Thank you, willing to pay for quality. 
Prefer not to pay over $50 but will pay a bit over $50 for good quality that's exactly what I'm looking for.
Update: most items there not in stock.


----------



## Hugis (Nov 29, 2015)

dunno if you have seen this either 

http://www.icydock.com/goods.php?id=166


----------



## n0tiert (Nov 29, 2015)

vawrvawerawe said:


> Thank you, willing to pay for quality.
> Prefer not to pay over $50 but will pay a bit over $50 for good quality that's exactly what I'm looking for.
> Update: most items there not in stock.



take it as a catalog, u can check prices/available elsewhere 

the great part @chenbro they deliver theese with backplanes


----------



## vawrvawerawe (Nov 29, 2015)

Hugis said:


> dunno if you have seen this either
> 
> http://www.icydock.com/goods.php?id=166



whoa, crayyzee, looks cool, reading the info on this now


----------



## erixx (Nov 29, 2015)

I really favour Icydock, for their true well thought design solutions and variety of products.
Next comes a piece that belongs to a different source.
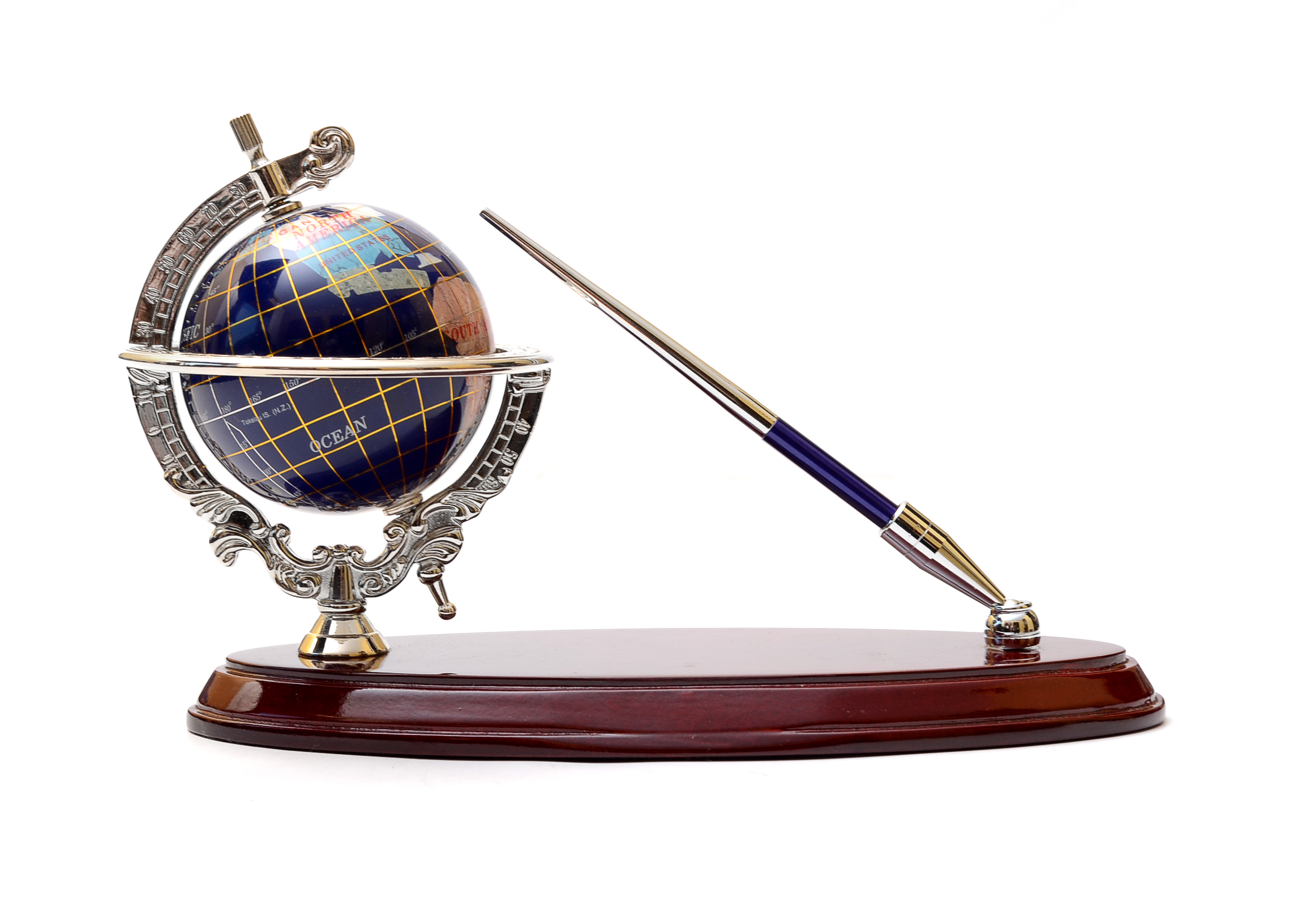 Gemstone Globe and Pen Desk Set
Watching their catalgoue is pure bliss. 
And i have a very nice Icydock 2SSD in 1HHD dock part so i know them


----------



## vawrvawerawe (Nov 29, 2015)

n0tiert said:


> take it as a catalog, u can check prices/available elsewhere
> 
> the great part @chenbro they deliver theese with backplanes



Thank you for the info! Although, I don't want a backplane, had to look up what that is, that is the little motherboard in it that I don't want, it is just another thing to go wrong. I just want an open cage so I can plug the HDDs right into my system with no middle items.



erixx said:


> I really favour Icydock, for their true well thought design solutions and variety of products. Watching their catalgoue is pure bliss.
> And I have a very nice Icydock 2SSD in 1HHD dock part so i know them



Awesome, and thanks so much for the info, although, I found the specific item that @n0tiert posted and while it is EXACTLY what I want, newegg reviews for it are pretty terrible: http://www.newegg.com/Product/Product.aspx?Item=N82E16817198059

So it looks like what I want exists, any ones exactly like this functionality-wise that have better reviews (better quality)? Or, should I just grab this one and try it out?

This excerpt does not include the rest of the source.